EXERCISE GOAL ->
Below are some records; quote exactly the lines from the one that contains "Участок 5,5 га (СНТ, ДНП)" through the one that contains "Butterfly resting on", inclusive, and no others.

*** Opening TASK INPUTS ***

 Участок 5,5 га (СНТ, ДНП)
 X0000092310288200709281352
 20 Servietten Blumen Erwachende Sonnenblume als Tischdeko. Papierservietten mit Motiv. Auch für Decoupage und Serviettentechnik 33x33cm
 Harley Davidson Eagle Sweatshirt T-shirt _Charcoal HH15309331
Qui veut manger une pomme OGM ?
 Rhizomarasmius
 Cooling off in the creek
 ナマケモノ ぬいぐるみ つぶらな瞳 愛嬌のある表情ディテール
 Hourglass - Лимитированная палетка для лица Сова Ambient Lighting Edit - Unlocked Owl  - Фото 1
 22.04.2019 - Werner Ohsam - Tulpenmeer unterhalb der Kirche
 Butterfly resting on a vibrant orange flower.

*** Closing TASK INPUTS ***
*** Opening TASK INPUTS ***

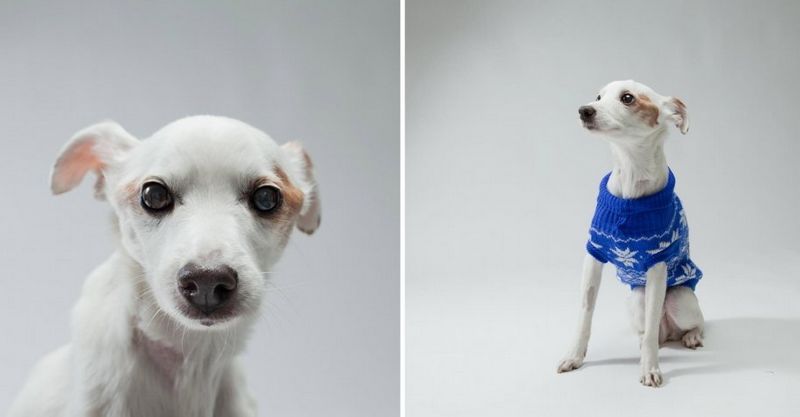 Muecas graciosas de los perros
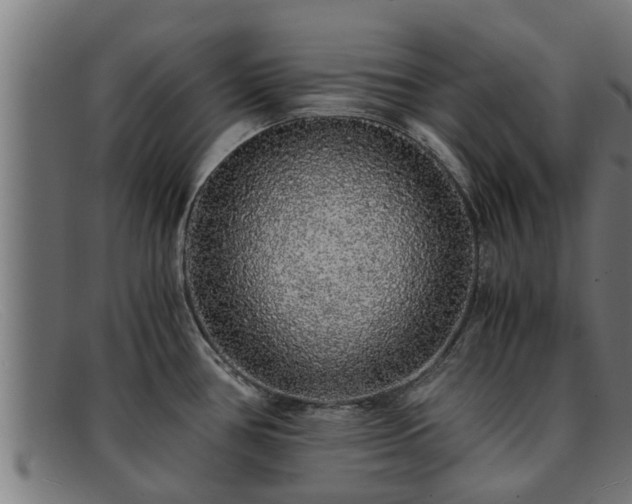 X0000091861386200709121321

*** Closing TASK INPUTS ***

THE ANSWER ->
 Участок 5,5 га (СНТ, ДНП)
 X0000092310288200709281352
 20 Servietten Blumen Erwachende Sonnenblume als Tischdeko. Papierservietten mit Motiv. Auch für Decoupage und Serviettentechnik 33x33cm
 Harley Davidson Eagle Sweatshirt T-shirt _Charcoal HH15309331
Qui veut manger une pomme OGM ?
 Rhizomarasmius
 Cooling off in the creek
 ナマケモノ ぬいぐるみ つぶらな瞳 愛嬌のある表情ディテール
 Hourglass - Лимитированная палетка для лица Сова Ambient Lighting Edit - Unlocked Owl  - Фото 1
 22.04.2019 - Werner Ohsam - Tulpenmeer unterhalb der Kirche
 Butterfly resting on a vibrant orange flower.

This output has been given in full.